How to look at a record player

ENG 705 Studies in Visual Cultures
Professor M. Tschofen
Jaclyn Hawkins
2/9/2017

How to Look at a Record Player

Hawkins, Jaclyn. “Record player photo.” Photograph, Ryerson University, 9 February 2017.

When looking at this record player I think about music, and how it has evolved over time. Today, in the digital age, it is not uncommon to store music on iTunes or in mp3 files. When it comes to listening to music it is also much different, now there is Bluetooth speakers, tiny portable devices– and we mustn’t forget– our smartphones. When I was a kid it was CDs, stacks and stacks of CDS arranged on a stand, similar to a bookshelf. In the 90s we listened to CDs with our Boom Boxes, or we carried it around with our Walkman’s.  Record players represent a time in history when the only way to really own music was by collecting vinyl records and listening to the sound through a record player (Mayhew).

The times are certainly different but record players are still an important piece of technology. The most important component of a record player, aside from its ability to project audio, is the turntable. Today a turntables are associated with disk jockeys, musical performer that mix songs with turntable decks, who often use that infamous turntable scratch during parts of their sets. However, the turntable dates back to a much earlier date. In late 1800s the first commercial used musical device to administer sound and use a turntable was the gramophone (Mayhew). Although it was not around as long as the record player it was one of the primitive audiovisual technologies. The gramophone, which evolved from the phonograph, the first audio device ever, had a place in people’s homes and social settings up until the takeover of record players (Mayhew).

The record player and vinyl’s flourished in the music industry during the 1930s and 1940s. After the great depression music was an escape, and a way that people came together during times of struggle. Although mass music corporations of the times produced records, there was no limits to genres. Vinyl’s not only appealed to the popular cultures but also to underground sounds, which were mostly favoured by minorities and individuals who lived in more rural settings (Starr and Waterman, 89). Whether it was jazz, blues, polka or country, all known genres of music could be found in vinyl and listened to with record players.

While the world became a more commercialized place further technological advances became prominent as a way to conveniently and more effectively generate money. After the invention of CDs, in the 1980s vinyl’s lost their dominance in the music industry (Mayhew). However, they were still considered the authentic and more traditional way of listening to music. Record players still existed in people’s homes but with the invention of loud speakers’ and comact disks music was listened to with greater amounts of depth, volume and bass.

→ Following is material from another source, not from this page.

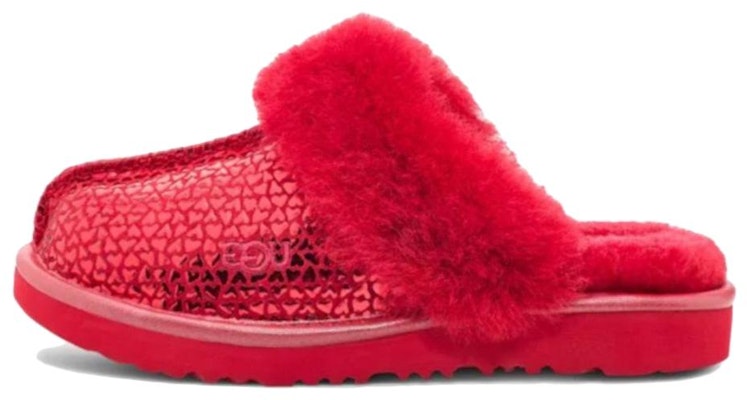 (Preschool) UGG Classic Slip-On 'Red Comfort' 1151615K-RED Buy (Preschool) UGG Classic Slip-On 'Red Comfort' 1151615K-RED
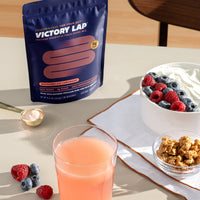 PERFORMANCE PREBIOTIC FIBER MIX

Today record players are considered aesthetically vintage. You can purchase them for a reasonable price online or some specialty stores. They produce a very distinctive sound; monotone, clean and crisp, which almost gives the audio a calmer and relaxing disposition. The sound is classic. Though record players along with vinyl exist for a much different purpose, as opposed to the 1900s, they can be seen as a mark within history and way in preserving a great period of time.

Work Cited

Elkins, James. How to Use Your Eyes. New York, Routledge, 2000.

Mayhew, Jess. “History of the Record Player Part I: The Early Years.” Reverb.com, Reverb, 21 Sept. 2015, reverb.com/ca/news/history-of-the-record-player-part-i-the-early-years.

Starr, Larry, and Christopher Alan Waterman. American Popular Music: From Minstrelsy to mp3. 3rd , New York, Oxford University Press, 2010.